According to Dr. Pachauri of the IPCC, the onus is on the developed world to lead the way. Now, with the rise in gas prices, there is an additional incentive for American car companies to offer smaller, more efficient vehicles. But will they respond? Their record is discouraging. Smith asks Beth Lowery, head of environmental affairs at General Motors, why Toyota beat GM to the Prius. Lowery replies that GM looked at hybrids from a "business case" and asked, "Can this vehicle make money?" GM banked instead on trucks and SUVs and is now suffering its worst performance in 50 years. GM is now playing catch-up and investing billions in a new hybrid, the Chevy Volt, which is scheduled to be released in 2010.

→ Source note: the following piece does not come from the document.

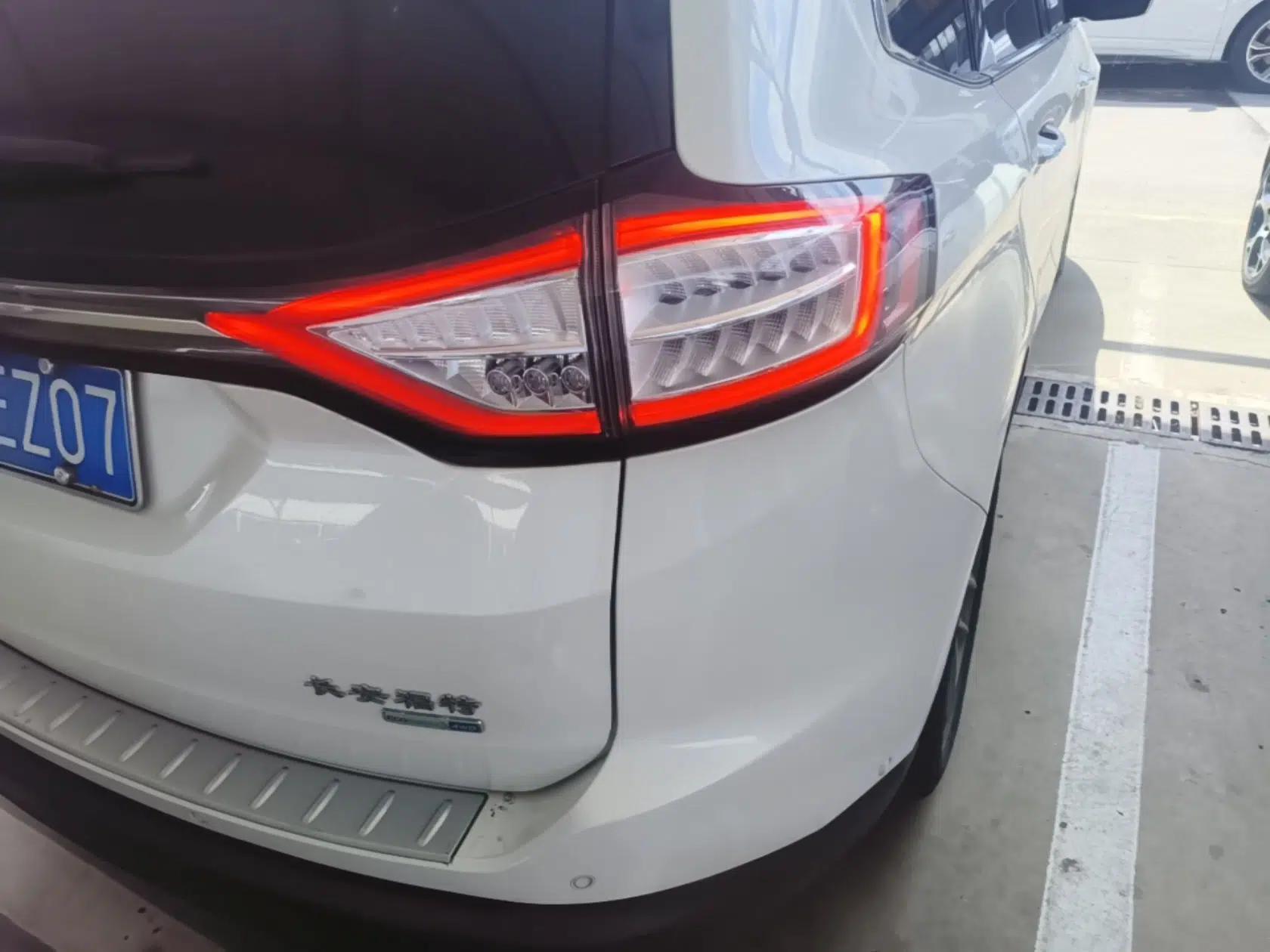 Ford Edge 2016 EcoBoost 245 Four-Wheel Drive Titanium 7-Seater — миниатюра 9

While hybrid cars may emit less CO2 than their gas-guzzling cousins, they still require electricity to run. Making cars like the Volt part of a campaign to seriously reduce emissions will mean finding a new, cleaner power source. Currently, more than half of American power comes from coal. Coal is cheap and reliable, but dirty.

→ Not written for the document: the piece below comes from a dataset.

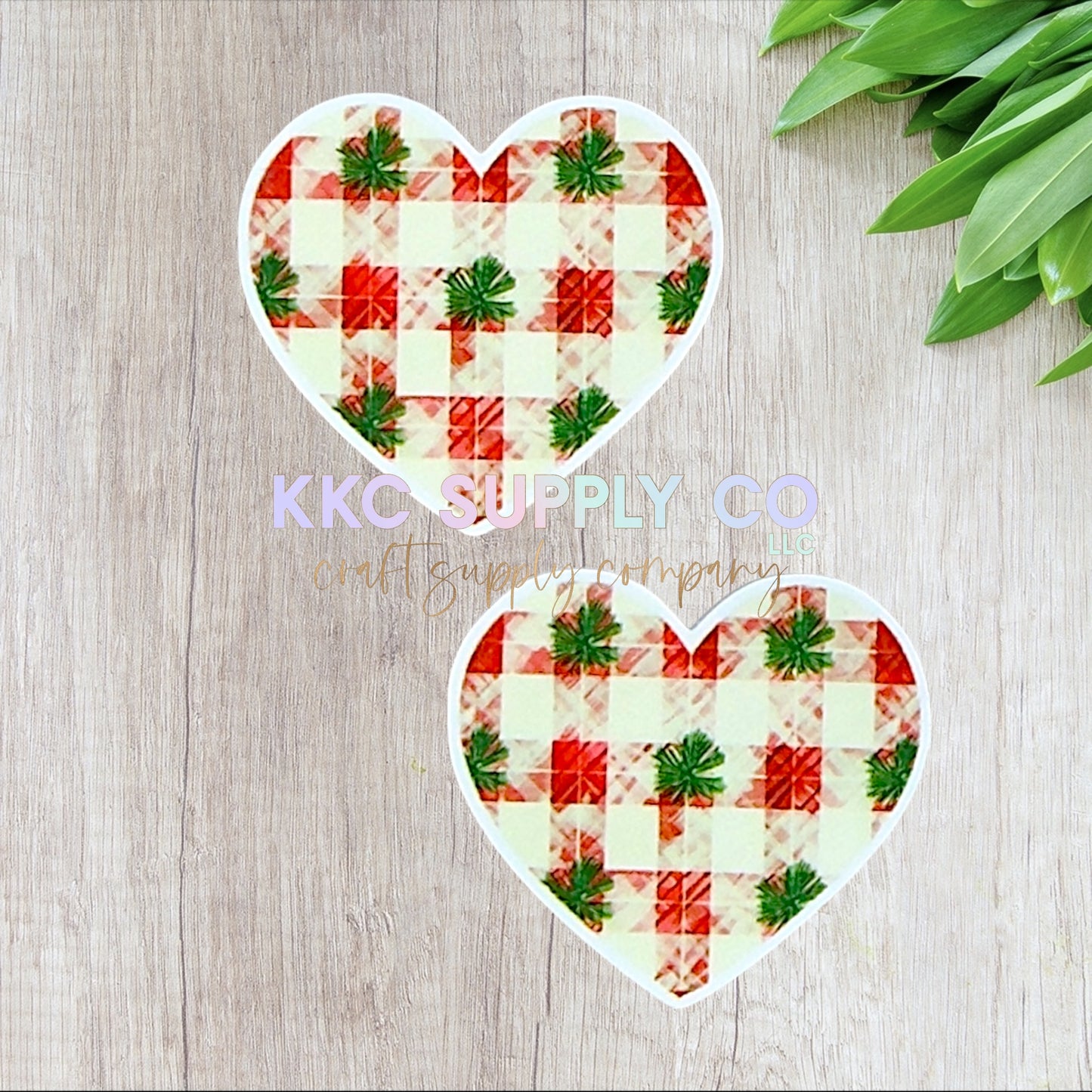 AT477-Christmas Heart-Acrylic Flatback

The answer, the industry says, will be "clean coal" -- a complex process by which the burnt-off carbon will be captured and buried in the earth's crust. But as Smith investigates, he finds there are serious doubts about whether "clean coal" will ever work. When pressed, utility CEO David Ratcliffe of Southern Company, one of the world's largest emitters of greenhouse gases, concedes that "we haven't even come close to defining what are the legal liabilities and what are the permitting requirements" for removing carbon from coal and burying it underground. Recently, several "clean coal" projects in the U.S. have stalled over these and other uncertainties. As Jeffrey Ball, environmental news editor at The Wall Street Journal, tells Smith, "There was huge, rosy optimism about it. What's wrong is that reality is intruding."

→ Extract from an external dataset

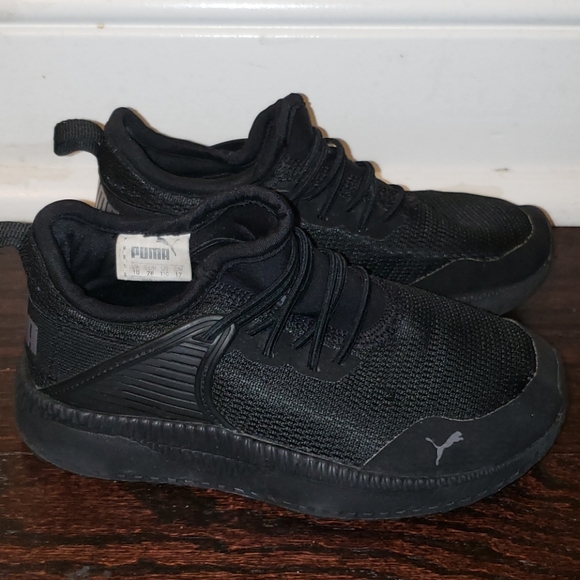 Puma - Picture 3 of 4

On the campaign trail, both Sen. John McCain and Sen. Barack Obama have announced their plans for a new energy policy that will cut carbon emissions. Optimistically, they suggest that the "greening" of American business heralds a new era of sleek technologies and opportunities for innovation. What they tend not to emphasize is cost and, on the part of every consumer, sacrifice.
In his interview with FRONTLINE, California's attorney general, Jerry Brown, reminds Smith that it won't be easy: "Our wealth, our society, our being is driven by oil and carbon. It's intellectually dishonest to somehow say we can get some light bulbs or get a Prius, and then we're all done. No, this is going to take massive technological innovation. It's going to take changes in the way we live and work. And it's going to take cooperation of unprecedented degrees among business and government and among countries. That's where we are, and that's why there's no other word except 'daunting.' I'm hopeful. I'm cautiously optimistic. But I would have to say one has to approach this with great humility."
Author and journalist Jeff Goodell adds: "We seem incapable of grasping what's at stake here, perhaps because so much is at stake. Addressing this really means reinventing the engine of our lives -- which is fossil fuels."